El rubor cubrió de carmín el rostro de Julieta, pero Romeo no lo vio por ser
de noche; la joven comprendió que, involuntariamente, había revelado su amor.
Hubiera querido retirar sus palabras, pero ya era imposible. Hubiera querido
guardar las formas como las señoras discretas, mantener a su amante a
distancia, mirarle con ceño, desdeñarle y mostrar indiferencia, para que así con
la dificultad de la conquista se viese aumentado el precio de la victoria; pero en
su caso no había lugar a estas artes y estratagemas para alargar el noviazgo.
Romeo había oído una confesión de amor cuando ella no imaginaba que
pudiese oírla. Así que, con noble franqueza, muy disculpable en tal situación,
confirmó Julieta su amor, y llamándole dulce Montesco (el amor endulza un
nombre amargo), le rogó que no achacase su confesión a ligereza ni malicia,
sino a la casualidad de aquella noche, que así descubrió sus pensamientos. Y
añadió que si su conducta podía parecer imprudente midiéndola por la
costumbre, no obstante sería ella más leal y constante que muchas cuya
prudencia es disimulo y cuya modestia no es más que astucia.

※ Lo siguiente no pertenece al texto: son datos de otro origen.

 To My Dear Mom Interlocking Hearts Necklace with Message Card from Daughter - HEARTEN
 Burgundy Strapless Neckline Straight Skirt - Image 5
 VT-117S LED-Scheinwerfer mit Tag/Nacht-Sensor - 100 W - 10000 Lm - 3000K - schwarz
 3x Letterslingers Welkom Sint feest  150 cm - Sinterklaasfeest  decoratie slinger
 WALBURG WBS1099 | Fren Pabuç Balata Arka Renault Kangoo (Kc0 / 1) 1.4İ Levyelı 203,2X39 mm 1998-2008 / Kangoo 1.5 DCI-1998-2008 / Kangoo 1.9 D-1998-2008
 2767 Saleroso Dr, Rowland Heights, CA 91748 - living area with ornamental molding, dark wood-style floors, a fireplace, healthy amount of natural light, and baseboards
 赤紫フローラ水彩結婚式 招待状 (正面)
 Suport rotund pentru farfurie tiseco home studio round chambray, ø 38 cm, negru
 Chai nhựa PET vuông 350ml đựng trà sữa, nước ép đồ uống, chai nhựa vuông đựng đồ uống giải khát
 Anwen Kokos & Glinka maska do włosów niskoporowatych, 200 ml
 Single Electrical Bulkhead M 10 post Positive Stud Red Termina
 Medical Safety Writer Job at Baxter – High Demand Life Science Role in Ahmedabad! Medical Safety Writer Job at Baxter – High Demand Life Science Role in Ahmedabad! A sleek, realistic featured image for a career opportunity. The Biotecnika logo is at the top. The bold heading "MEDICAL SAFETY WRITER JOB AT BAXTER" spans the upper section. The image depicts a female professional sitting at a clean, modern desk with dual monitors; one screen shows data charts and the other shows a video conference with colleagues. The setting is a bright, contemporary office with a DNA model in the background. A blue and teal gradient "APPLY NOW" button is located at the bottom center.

Romeo puso a los cielos por testigo de que nada estaba tan lejos de su alma
como el poner ni sombra de deshonor en tan alta señora; pero ella le detuvo y le
suplicó que no jurase, pues aunque dichosa de su amor, no estaba satisfecha de
su propia conducta, tan ligera, pronta y temeraria. Quiso Romeo cambiar en
aquel mismo instante una promesa de amor, y le respondió Julieta que ya se la
había dado antes involuntariamente, y que se la repetía porque su generosidad
era, como el mar, infinita, y su amor, también como el mar, profundo.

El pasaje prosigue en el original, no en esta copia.